A decisão envolve lotes específicos de detergentes líquidos, desinfetantes e lava-roupas líquidos que possuem final de lote 1 e foram fabricados em períodos determinados pela empresa. Segundo a Anvisa, parte dos produtos inicialmente suspensos já foi liberada após novas avaliações técnicas, mas algumas restrições continuam em vigor.
De acordo com a agência, detergentes e desinfetantes produzidos a partir de 1º de março de 2026, mesmo com final de lote 1, foram liberados para comercialização e uso após análises complementares. Já os lava-roupas líquidos fabricados antes de 1º de abril de 2026 seguem com a suspensão mantida.
Entre os produtos que permanecem sob restrição estão lotes específicos de lava-roupas líquidos e alguns desinfetantes das linhas Bak Ypê e Pinho Ypê produzidos dentro dos períodos identificados pela fiscalização sanitária. A orientação é que os consumidores verifiquem atentamente as informações impressas na embalagem, especialmente o número e a identificação do lote.

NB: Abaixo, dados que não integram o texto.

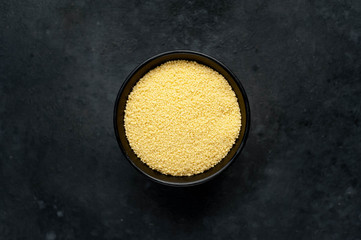 couscous in a bowl on a stone background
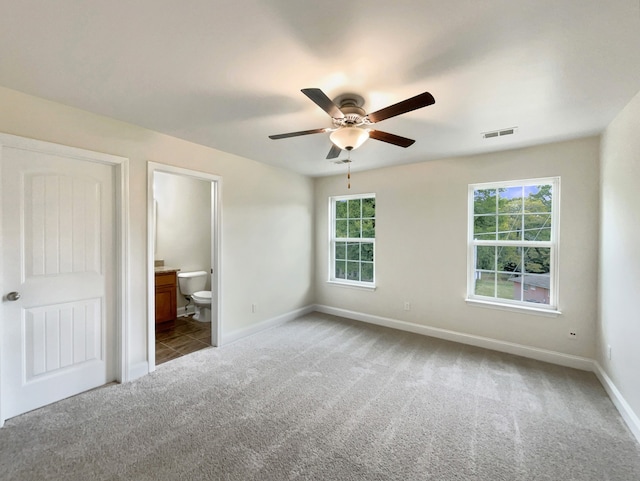 unfurnished bedroom featuring connected bathroom, ceiling fan, and carpet flooring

A medida foi adotada após uma inspeção sanitária identificar não conformidades em etapas importantes dos processos produtivos e de controle de qualidade da fabricante. Durante as análises, foi detectada a presença da bactéria Pseudomonas aeruginosa, um microrganismo que motivou preocupação das autoridades sanitárias.
A Pseudomonas aeruginosa é uma bactéria amplamente encontrada na natureza. Ela pode estar presente na água, no solo, em superfícies úmidas e em diferentes ambientes. Em pessoas saudáveis, normalmente não provoca doenças graves, pois o sistema imunológico consegue combater o microrganismo sem maiores consequências.
No entanto, a bactéria pode representar riscos para grupos mais vulneráveis. Pacientes em tratamento contra o câncer, transplantados, idosos, pessoas hospitalizadas e indivíduos com doenças que comprometem o sistema imunológico podem desenvolver infecções mais sérias quando expostos ao agente.
Dependendo da situação, a Pseudomonas aeruginosa pode causar infecções respiratórias, urinárias, cutâneas e outras complicações. Por esse motivo, a Anvisa classificou a suspensão dos lotes como uma medida preventiva para reduzir qualquer possibilidade de risco à saúde pública.
A agência esclarece que a presença da bactéria não significa que todos os produtos da marca estejam contaminados. A restrição se limita aos lotes identificados durante o processo de fiscalização e não afeta toda a linha de produtos da empresa.
Consumidores que possuam produtos dos lotes suspensos devem interromper o uso e procurar os canais oficiais de atendimento da fabricante para obter orientações sobre troca, devolução ou outras medidas cabíveis.
A Anvisa reforça que continuará acompanhando o caso e realizando avaliações técnicas para garantir que os produtos disponíveis no mercado atendam aos padrões de qualidade e segurança exigidos pela legislação brasileira.